RICHMOND, Va. (AP) — Dominion Resources Inc. said Thursday its first-quarter profit was nearly unchanged as it spent more on storm-related costs and electric sales were lower than expected.
The Richmond, Va.-based energy provider said its earnings grew by $1 million, to $495 million, in the period ended March 31. Per-share earnings were unchanged at 86 cents.
Excluding certain items, the company's operating profit fell about 2 percent to 83 cents per share. Dominion uses operating earnings as its primary performance measurement.
Revenue grew nearly 4 percent to $3.52 billion.
Analysts polled by FactSet expected earnings of 90 cents per share on revenue of $3.18 billion.
Dominion Resources is one of the nation's largest producers and transporters of energy, running natural gas pipelines and electric transmission lines.

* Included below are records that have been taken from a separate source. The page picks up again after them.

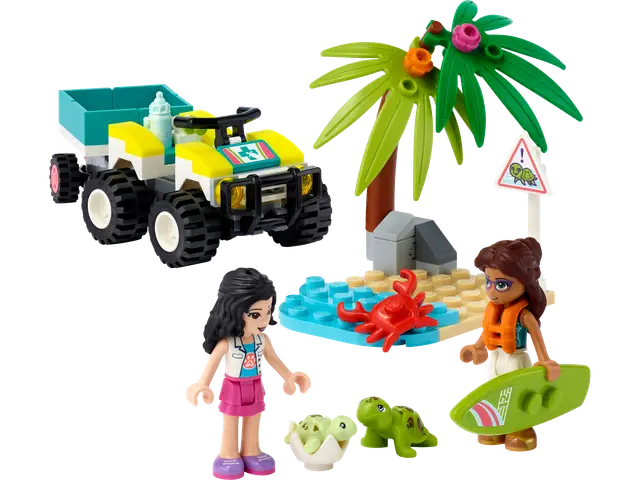 Lego® Schildkröten-Rettungswagen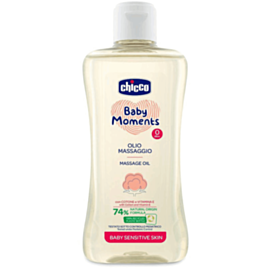 Uşaqlar üçün masaj yağı Chicco Baby Moments 200 ml 00010242000000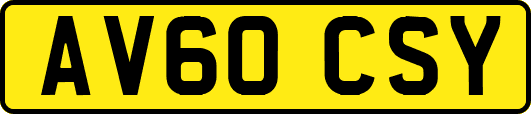 AV60CSY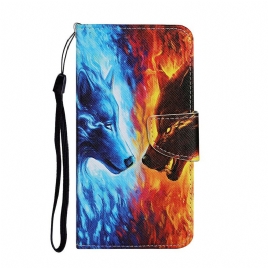 Folio Deksel Til Xiaomi Redmi 9C Is Og Ildulv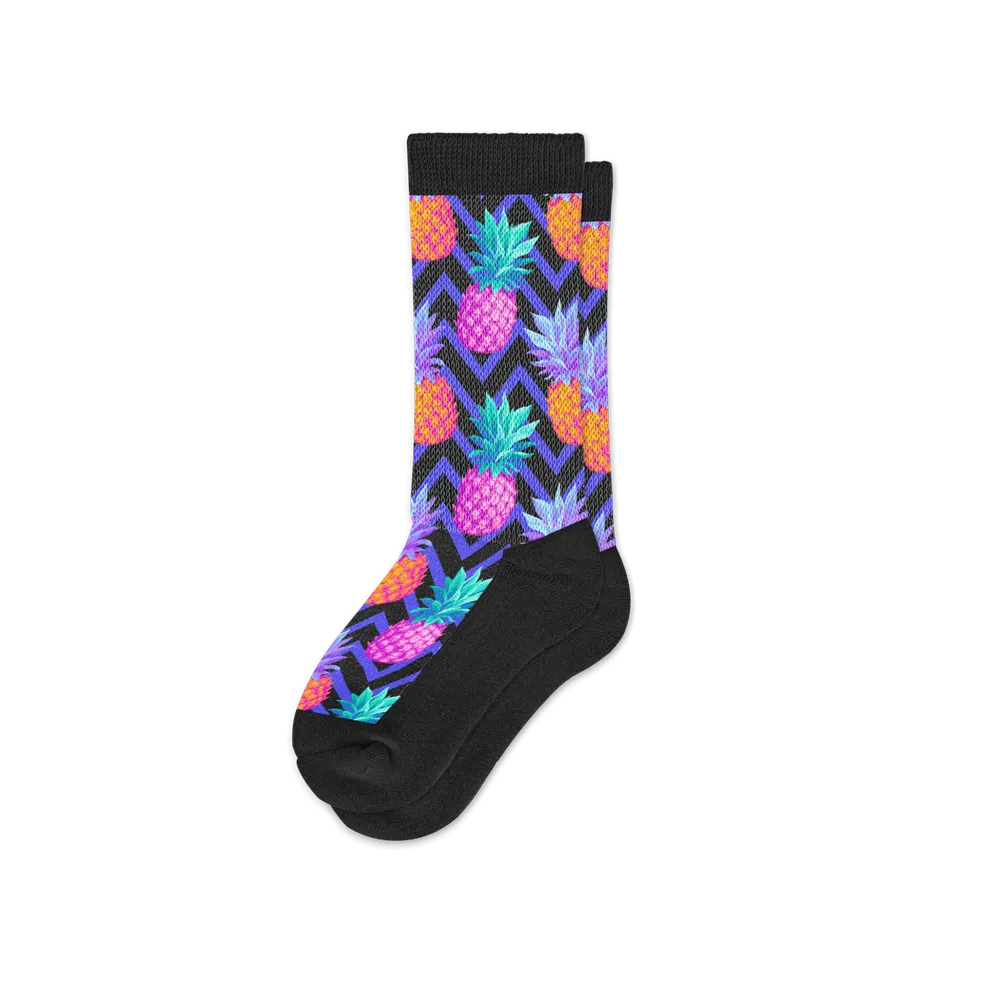 Pineapple Party EasyStretch™ Socks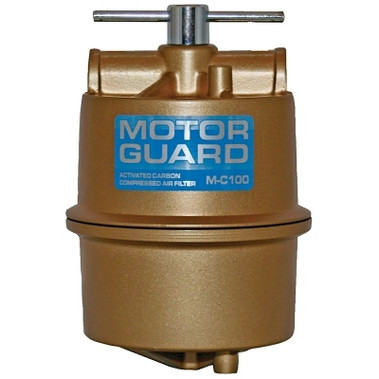 Motorguard Compressed Air Filters, 1/2 in (NPT), Carbon, Plasma Machines (1 EA / EA)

Part of the reason for the "challenging" quarter was the delayed start to operations at its large gas processing plant in Natrium, W.Va, said CEO Thomas Farrell in a statement. The plant will serve the energy-rich Marcellus and Utica shale regions. Other reasons included higher than normal costs to restore power after storms and weaker-than-expected electric sales.
In the current quarter, the company expects to benefit from a return to normal weather in areas where it provides electricity and higher revenues from its gas transmission projects.